Finding new ways of engaging citizens in the delivery of local public services may become increasingly important in the years ahead. At a launch event today, we presented the initial findings from a small scale, but robustly evaluated scheme within the London borough of Lambeth. Through this scheme we have shown that carefully designed interventions can have positive effects, engaging local communities in improving the environments in which they live. We believe this provides a strong signal for what might be possible more generally and would encourage local authorities to work with us and other researchers to design and evaluate other interventions aimed to engaging local residents.
In collaboration with Lambeth Council , we trialled a scheme that asked residents to volunteer to become a ‘Street Champion’ and coordinate efforts to improve the cleanliness and attractiveness of their local environment, with the council offering providing advice and support along the way. 170 residential streets were split into five different groups. One group were the control group, where nothing changed. In a second group of streets, residents received an invitation to become a ‘Street Champion.’ In the remaining three groups, residents received different forms of incentives to test their impact on people’s willingness to get involved. The different incentives were individual rewards (e.g. free garden waste collection), incentives that would benefit the community as a whole (e.g. graffiti removal services) and rewards that emphasised individuals’ identity as Street Champions (e.g. hi-vis vests, polo shirts). We then collected data about the actual activities of Street Champions, the cleanliness of streets and residents’ overall perceptions of their local area.
There were four main findings from this evaluation.
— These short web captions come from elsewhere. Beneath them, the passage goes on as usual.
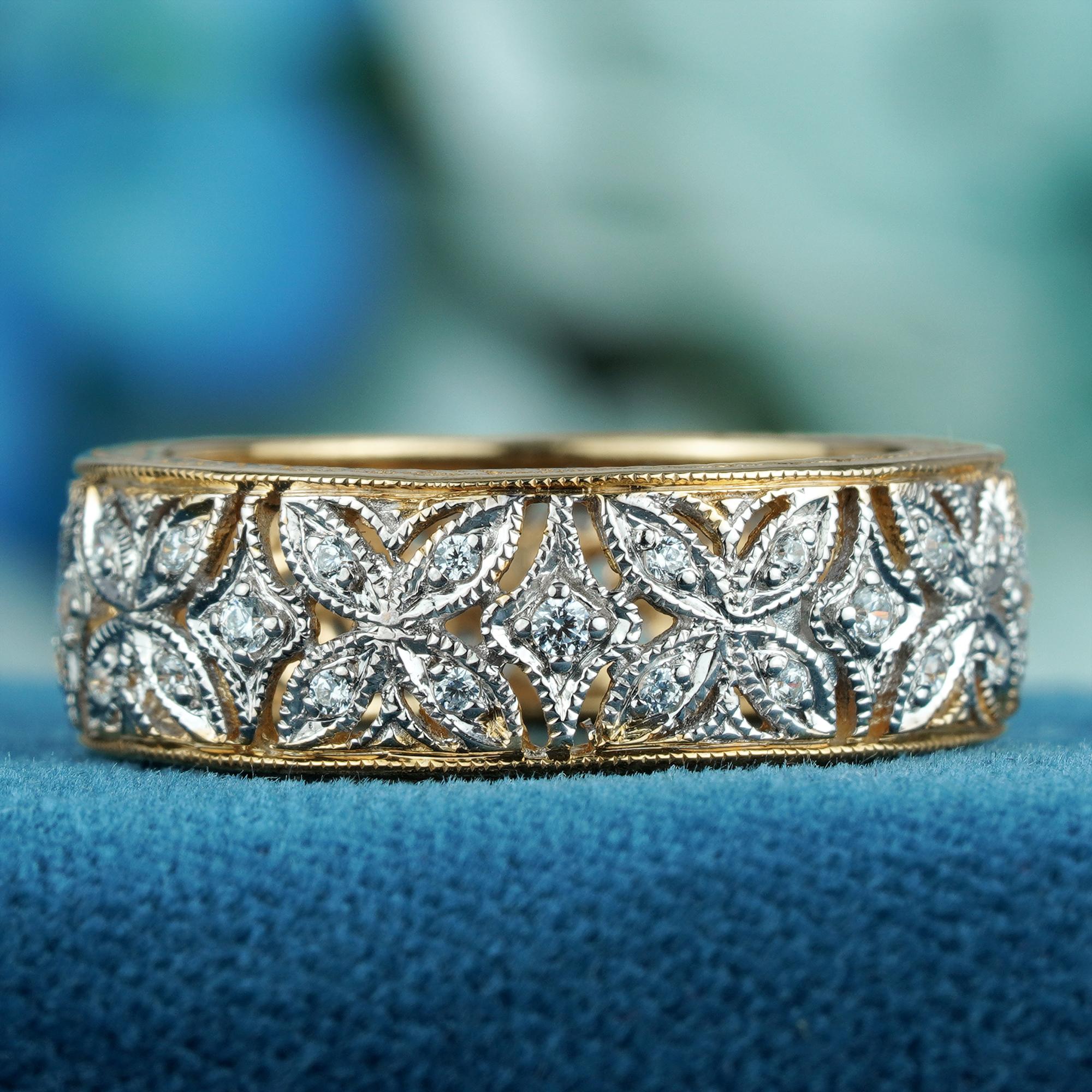 Dieser filigrane Ewigkeitsring im Vintage-Stil zeichnet sich durch natürliche Diamanten aus, die in ein verschlungenes, spitzenartiges Metalldesign eingefasst sind. Die filigranen Details sorgen für zeitlose Eleganz, die den Charme antiker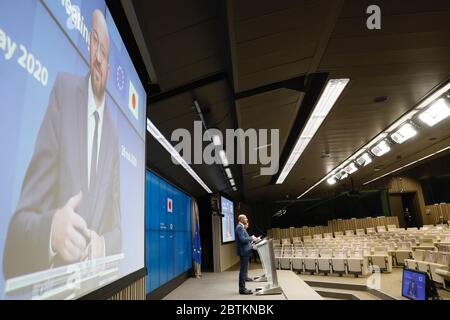 (200527) -- BRÜSSEL, 27. Mai 2020 (Xinhua) -- Charles Michel, Präsident des Europäischen Rates, nimmt an einer Pressekonferenz nach einem EU-Japan-Videokonferenz-Gipfel am EU-Hauptsitz in Brüssel, Belgien, am 26. Mai 2020 Teil. Die Staats- und Regierungschefs der Europäischen Union und Japans haben am Dienstag erklärt, dass globale Solidarität, Zusammenarbeit und wirksamer Multilateralismus erforderlich sind, um das Coronavirus zu besiegen. (Europäische Union/Handout über Xinhua) Stockfoto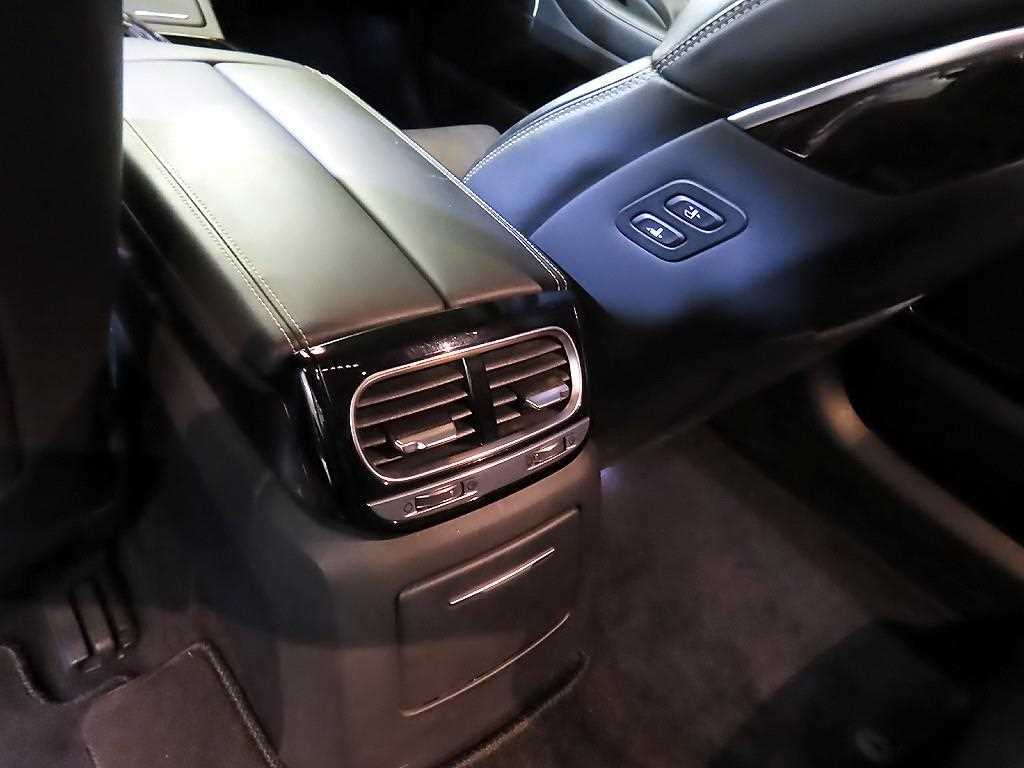 Genesis G90 2019 Negro - Importación desde Corea - HF Imports Iquique - Foto 16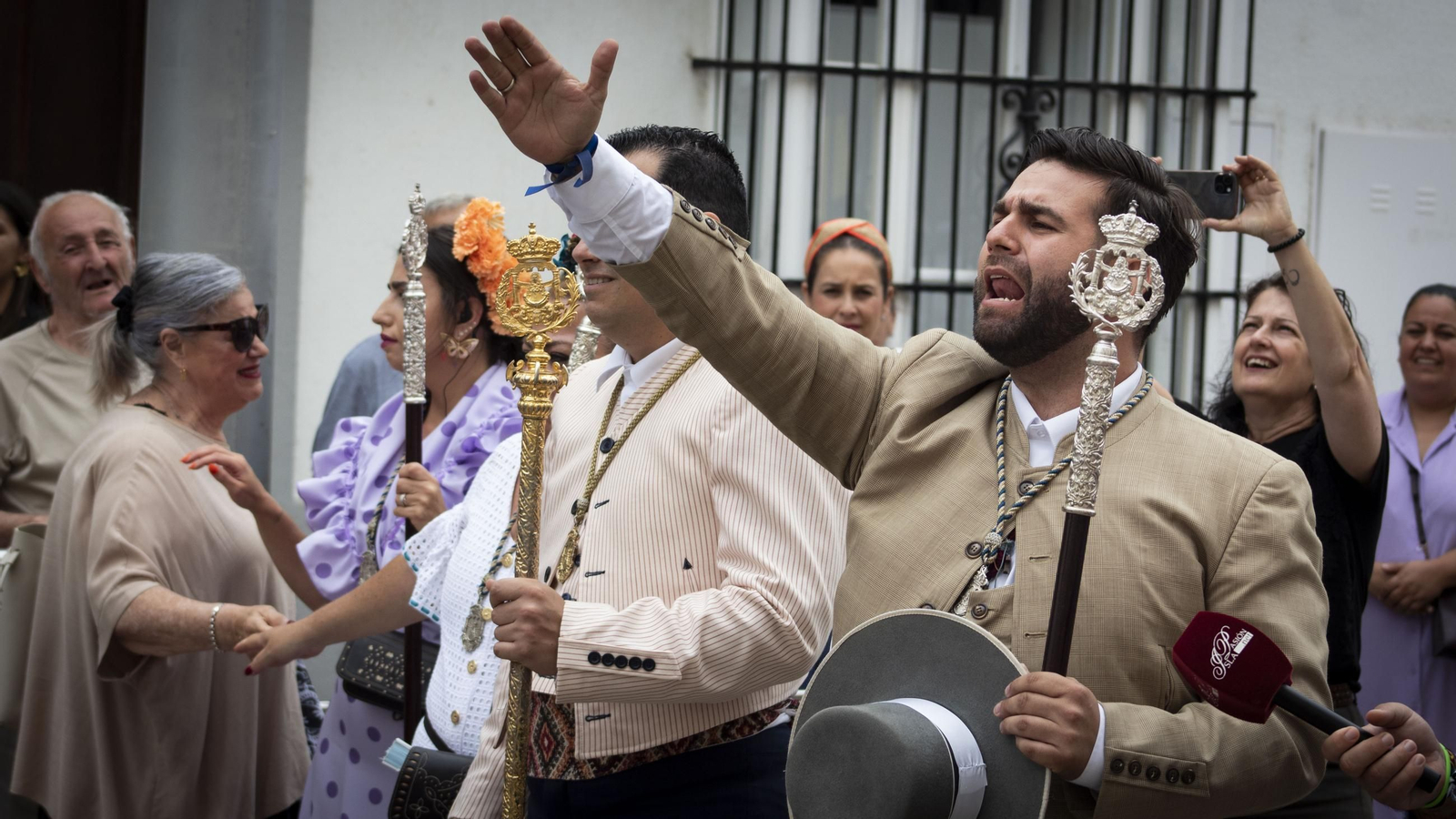 Romería del Rocío: las imágenes de la salida de la hermandad de San Fernando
First, citizens are keen to get involved in the delivery of local services, but they’re more likely to act as a complement rather than replacement for existing services. In streets where people received an invite and/or incentive to become a Street Champion, around 3 people per street expressed an interest in becoming a Street Champion. In around half of these cases actual activities followed (e.g. clean-up events, street meetings, Facebook groups). There was, however, no evidence of any impact on levels of litter or other aspects of street cleanliness. Where there was a significant impact was in terms of ‘beautification’ (e.g. installing planters). Streets in the ‘identity incentives’ group were 17 percentage points more likely to show evidence of beautification than the control streets. This is a big impact considering that only 11% of all streets in the experiment showed evidence of beautification. This suggests citizens are very keen to provide services and amenities that are complementary to existing service provision. The big unanswered question, however, is the extent to which citizens are willing to step in were there to be falls in service provision.
Second, (some types of) incentives can increase the number of people coming forward and their level activity. The identity incentives had the biggest impact on actual activity levels. They doubled the number of people willing to come forward and the average number of activities per street as compared with a simple invite. For example, providing identity incentives increased the number of clean-up events by 15% percentage points, a very substantial change considering that only 6% of streets in the experiment did one of these. The community-wide incentives also increased the number of people willing to come forward and the activity relative to a simple invite, just not by as much as the identity incentives. The individual level rewards increased expressions of interest, but had a negligible impact on activity levels compared with a simple invitation.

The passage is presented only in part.